La CRIET, dans sa quête d’une vérité qu’elle semble peiner à établir, multiplie les reports avec une nonchalance qui frise l’ironie. Les avocats de la défense, emmenés par Me Aboubacar Baparapé et Me Julien Togbadja, ne cessent de dénoncer une procédure entachée d’irrégularités, pointant l’illégalité de l’arrestation au Togo et l’absence de preuves tangibles liant leur client aux agissements reprochés. Chaque audience devient un théâtre où s’affrontent les arguties juridiques et les joutes verbales, alors que la cour, impassible, ajourne, renvoie, et ajourne encore, comme si elle cherchait à épuiser ses contradicteurs par une guerre d’usure.
Justice à deux vitesses : l’attente du verdict révèle les doutes
Ce nouveau délai, fixé au 2 juin, n’est pas qu’un simple contretemps. De fait, il ravive les doutes sur la capacité de la CRIET à rendre une justice prompte et équitable. Dans les couloirs de Cotonou, les murmures s’amplifient : la cour, créée pour juguler les infractions économiques et le terrorisme, serait-elle devenue un instrument pour museler les voix dissidentes ?
Les chroniques de « Frère Hounvi », autrefois relayées avec ferveur sur les réseaux sociaux, se sont tues depuis l’incarcération d’Amoussou, un silence que le procureur brandit comme une preuve implicite de sa culpabilité. Cependant, cette logique, aussi séduisante soit-elle pour l’accusation, peine à convaincre une opinion publique avide de clarté.

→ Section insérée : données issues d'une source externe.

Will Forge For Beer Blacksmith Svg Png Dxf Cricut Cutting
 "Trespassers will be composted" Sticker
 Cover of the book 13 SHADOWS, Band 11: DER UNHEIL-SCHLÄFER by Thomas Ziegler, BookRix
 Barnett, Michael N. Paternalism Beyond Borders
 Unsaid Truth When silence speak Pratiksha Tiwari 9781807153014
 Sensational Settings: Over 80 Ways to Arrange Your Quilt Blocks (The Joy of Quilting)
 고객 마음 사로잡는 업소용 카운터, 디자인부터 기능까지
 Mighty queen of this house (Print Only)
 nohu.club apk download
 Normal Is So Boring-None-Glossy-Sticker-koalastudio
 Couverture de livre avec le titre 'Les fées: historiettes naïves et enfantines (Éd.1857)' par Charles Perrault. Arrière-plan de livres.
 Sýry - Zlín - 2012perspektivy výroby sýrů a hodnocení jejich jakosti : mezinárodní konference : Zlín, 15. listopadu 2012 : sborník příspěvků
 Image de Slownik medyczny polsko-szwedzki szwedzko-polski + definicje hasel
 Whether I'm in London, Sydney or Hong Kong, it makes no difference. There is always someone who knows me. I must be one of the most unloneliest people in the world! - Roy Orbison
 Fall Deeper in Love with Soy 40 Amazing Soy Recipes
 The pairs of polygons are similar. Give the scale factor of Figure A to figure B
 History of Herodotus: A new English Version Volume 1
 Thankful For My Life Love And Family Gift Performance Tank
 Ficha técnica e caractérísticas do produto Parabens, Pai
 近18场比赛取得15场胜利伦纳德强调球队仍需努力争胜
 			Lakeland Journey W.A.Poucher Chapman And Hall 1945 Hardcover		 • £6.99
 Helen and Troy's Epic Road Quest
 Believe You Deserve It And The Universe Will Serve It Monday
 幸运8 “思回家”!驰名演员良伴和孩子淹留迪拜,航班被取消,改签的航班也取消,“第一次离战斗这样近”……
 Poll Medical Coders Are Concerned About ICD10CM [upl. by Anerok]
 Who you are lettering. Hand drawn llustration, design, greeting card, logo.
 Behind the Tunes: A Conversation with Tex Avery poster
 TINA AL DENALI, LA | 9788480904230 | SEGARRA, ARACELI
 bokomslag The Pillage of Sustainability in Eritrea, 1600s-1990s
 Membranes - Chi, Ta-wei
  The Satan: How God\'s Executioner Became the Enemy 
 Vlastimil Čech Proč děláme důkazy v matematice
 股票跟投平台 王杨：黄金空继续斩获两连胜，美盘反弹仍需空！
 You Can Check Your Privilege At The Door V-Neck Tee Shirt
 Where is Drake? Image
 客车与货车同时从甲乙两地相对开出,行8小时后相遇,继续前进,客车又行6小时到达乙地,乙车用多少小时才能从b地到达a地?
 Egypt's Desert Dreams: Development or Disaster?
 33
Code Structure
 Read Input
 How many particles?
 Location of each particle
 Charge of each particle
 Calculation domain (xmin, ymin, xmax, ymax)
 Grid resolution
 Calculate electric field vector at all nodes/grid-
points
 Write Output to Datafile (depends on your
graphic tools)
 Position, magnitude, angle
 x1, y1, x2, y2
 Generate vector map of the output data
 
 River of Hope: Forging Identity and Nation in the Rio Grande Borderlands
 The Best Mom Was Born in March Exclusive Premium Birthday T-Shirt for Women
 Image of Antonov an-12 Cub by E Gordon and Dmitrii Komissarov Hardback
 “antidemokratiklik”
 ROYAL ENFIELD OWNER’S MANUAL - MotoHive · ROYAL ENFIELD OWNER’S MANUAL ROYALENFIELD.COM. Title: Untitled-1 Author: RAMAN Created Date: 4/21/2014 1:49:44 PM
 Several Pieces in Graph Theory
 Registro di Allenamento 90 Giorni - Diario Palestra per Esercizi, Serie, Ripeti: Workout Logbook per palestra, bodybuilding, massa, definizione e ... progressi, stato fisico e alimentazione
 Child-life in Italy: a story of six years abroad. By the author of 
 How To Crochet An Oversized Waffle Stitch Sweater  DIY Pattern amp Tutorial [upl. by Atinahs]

Les soutiens de Steve Amoussou, qu’il s’agisse des figures de l’opposition ou des défenseurs des libertés fondamentales, s’indignent de ce qu’ils perçoivent comme une parodie de justice. Les reports successifs, loin de renforcer la crédibilité de la CRIET, alimentent un sentiment d’arbitraire. « La justice ne saurait être un jeu de patience », a lancé un observateur, tandis que d’autres ironisent sur une cour qui semble plus à l’aise dans l’art du différé que dans celui du délibéré.
Steve Amoussou : un dénouement en suspens, la justice béninoise à l’épreuve
Alors que Steve Amoussou regagne sa cellule, l’attente se prolonge pour lui, pour ses proches, et pour un pays qui scrute ce procès comme un baromètre de son état de droit. La CRIET, en repoussant son verdict, ne fait qu’attiser les spéculations : cherche-t-elle à peaufiner une décision irréprochable ou à temporiser dans un dossier politiquement brûlant ? Le 2 juin 2025, date du prochain acte de ce drame judiciaire, dira si la cour opte pour la clarté ou persiste dans son rôle de gardienne d’un suspense dont personne, hormis elle, ne semble apprécier la mise en scène.
En attendant, Steve Amoussou, silhouette frêle dans son gilet de détenu, incarne malgré lui une question plus vaste : dans un Bénin où la parole critique est scrutée avec méfiance, la justice peut-elle encore prétendre à l’impartialité ? La réponse, comme le verdict, reste en sursis.